Golan Heights Winery, Gamla, Brut, 2007: More complex than its non-vintage sibling reviewed above, this wine has the traditional green apple and yeasty notes you would expect from a Champagne together with sharp bubbles that hang on for as long as you can resist sipping this delightful treat which is somehow lighter and fresher than the Yarden Blanc de Blanc but just as crisply dry.

Golan Heights Winery, Gamla, Nebbiolo, 2006: Another example of GHW being trend-setters and not afraid to experiment with new varietals. In this case the Nebbiolo grape which is a red Italian grape predominately associated with the Piedmont region where it is the primary component in Barolo and other wines. Loads of cherries and other black fruits together with hints of licorice and earthy notes but also with tannins that are still struggling to find their way among the oak and fruits. While tasty and approachable now, I would suggest giving this one at least another 12 months before opening. To the best of my knowledge, this wine is only available at the winery in limited quantities but I also have heard that it is served if some restaurants

Golan Heights Winery, Yarden, Gewurztraminer, 2009: In my opinion both the variety itself and definitely GHW’s version of it are among the most under appreciated wines out there. Simply delicious and quirky as well as a fine match to many difficult food-pairings; this Gewürztraminer attains almost perfect harmony among its fruits, flowers and bracing acidity. Loaded with notes of freshly bloomed spring flowers, lychees, and tropical fruit with a long finish this is a great summer wine that should be a year-round staple of your wine-drinking repertoire.

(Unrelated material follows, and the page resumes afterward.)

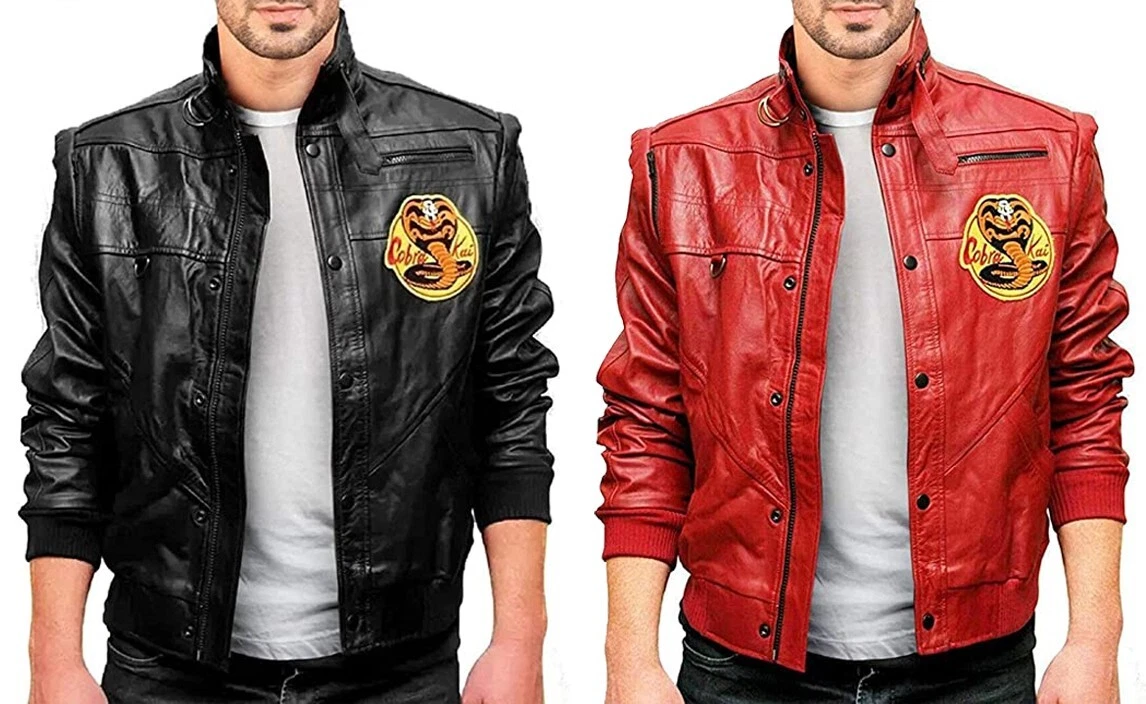 Mens Cobra Kai Johnny Red Retro Leather Jacket - 2XL / Vegan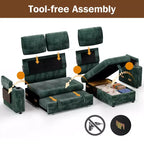 Divano a L modulare a 3 posti Dyonery85 con comodo schienale | Porte USB | Portabicchieri | Tavolino laterale | Braccioli con chaise longue contenitore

Golan Heights Winery, Yarden, Syrah, 2005: Looking back over my notes from the last couple years I realized that I had never written about two wines that were “groundbreaking” back in the day – their Syrah (not to be confused with the single-vineyard version we all know and love but that is a relative newcomer to the scene) and their Pinot Noir reviewed below. I was initially not a fan of their Syrah but over the years they adapted and seemed to have gotten things just right with this one (obviously the 2004 Ortal Syrah was great as well). An elegant wine that can easily be described as an iron fist hiding behind a velvet glove given its muscular tannins, spicy wood and nice hints of smoke. Nice blackberries, raspberries, dark chocolate and espresso backed up by more spice and a long, mouth-filling finish; make this wine quite a treat.

Golan Heights Winery, Yarden, Pinot Noir, 2005: Given their global positioning and abundance of sun, many Israeli wines are fruit bombs loaded with oak (even when well crafted and delicious) with Castel being a winery that stands out for its adherence to subdued elegance over blockbusterish fruit. Pinot Noir is a grape that requires careful cultivating and care in order to coax out its full bag of charms. While GHW’s version doesn’t seem to me to be a true representation of the genre it is a delicious and interesting wine nonetheless. A heavy wine that sits in the middle of your palate and demands attention. Redolent of grilled meat along with the more traditional berries and smoke lead into an incredibly long and fulfilling finish, this wine is a blockbuster – an “Israeli” Pinot if you would.